» WHAT IS NEEDED: Your answer must be an exact copy of the lines below, from the first through the one with "Buda, TX 78610", with no pictures.

** Opening RECORDED INFORMATION block **

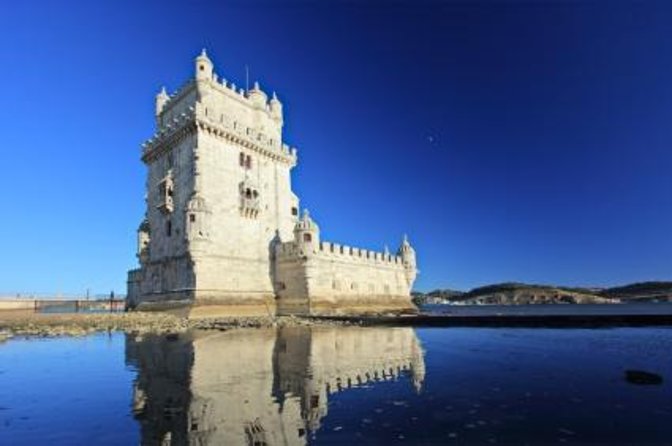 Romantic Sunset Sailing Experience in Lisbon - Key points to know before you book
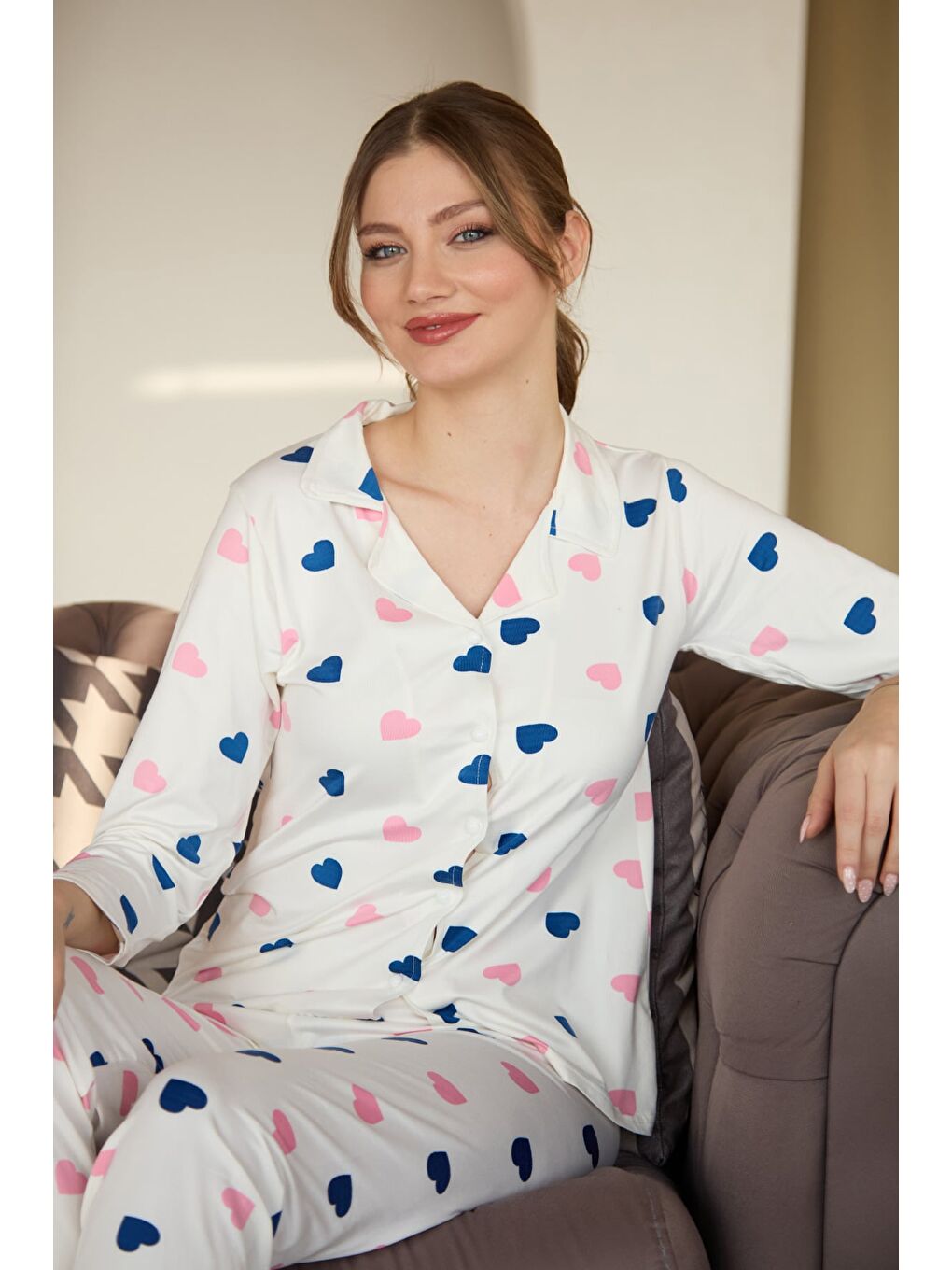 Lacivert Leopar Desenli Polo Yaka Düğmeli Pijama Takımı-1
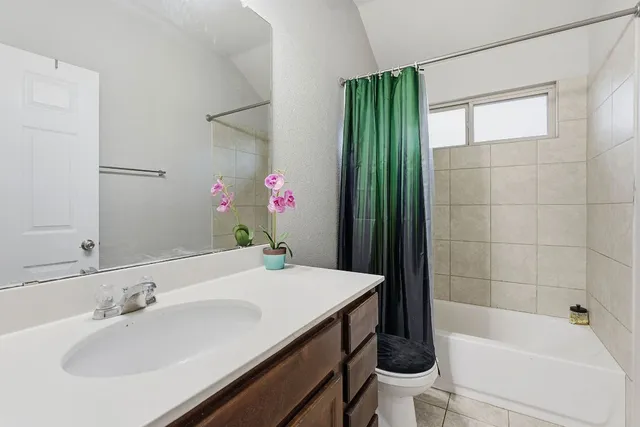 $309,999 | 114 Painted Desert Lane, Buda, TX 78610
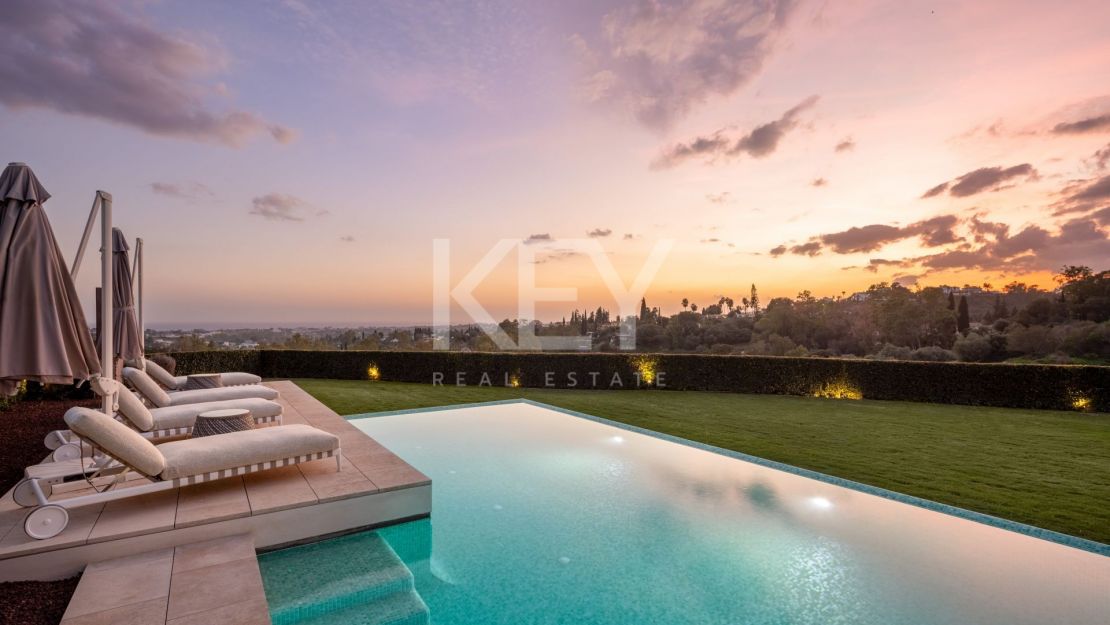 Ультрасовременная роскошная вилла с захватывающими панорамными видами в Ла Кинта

** Closing RECORDED INFORMATION block **

» OUTPUT:
 Romantic Sunset Sailing Experience in Lisbon - Key points to know before you book
 Lacivert Leopar Desenli Polo Yaka Düğmeli Pijama Takımı-1
 $309,999 | 114 Painted Desert Lane, Buda, TX 78610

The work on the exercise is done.